### What you need to do
The whole listing needs to be written out exactly, except for any images.

### Information provided
********
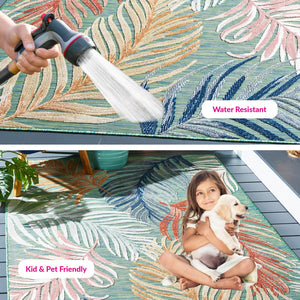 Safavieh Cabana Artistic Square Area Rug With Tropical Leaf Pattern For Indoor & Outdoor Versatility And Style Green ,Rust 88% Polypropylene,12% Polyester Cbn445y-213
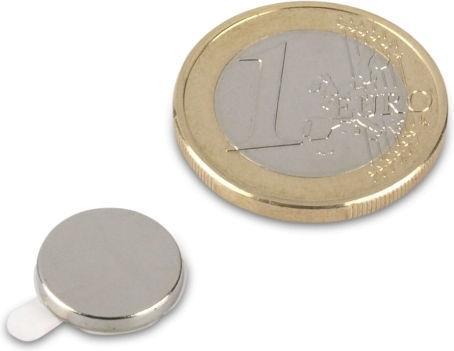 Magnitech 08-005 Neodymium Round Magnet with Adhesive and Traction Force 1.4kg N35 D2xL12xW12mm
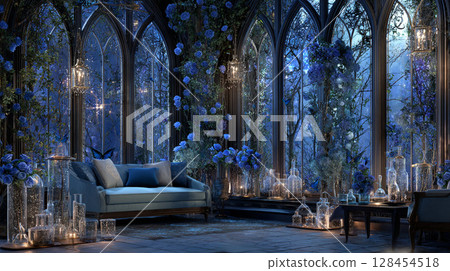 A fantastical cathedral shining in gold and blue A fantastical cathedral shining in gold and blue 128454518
********
### Response for this exercise
 Safavieh Cabana Artistic Square Area Rug With Tropical Leaf Pattern For Indoor & Outdoor Versatility And Style Green ,Rust 88% Polypropylene,12% Polyester Cbn445y-213
 Magnitech 08-005 Neodymium Round Magnet with Adhesive and Traction Force 1.4kg N35 D2xL12xW12mm
 A fantastical cathedral shining in gold and blue A fantastical cathedral shining in gold and blue 128454518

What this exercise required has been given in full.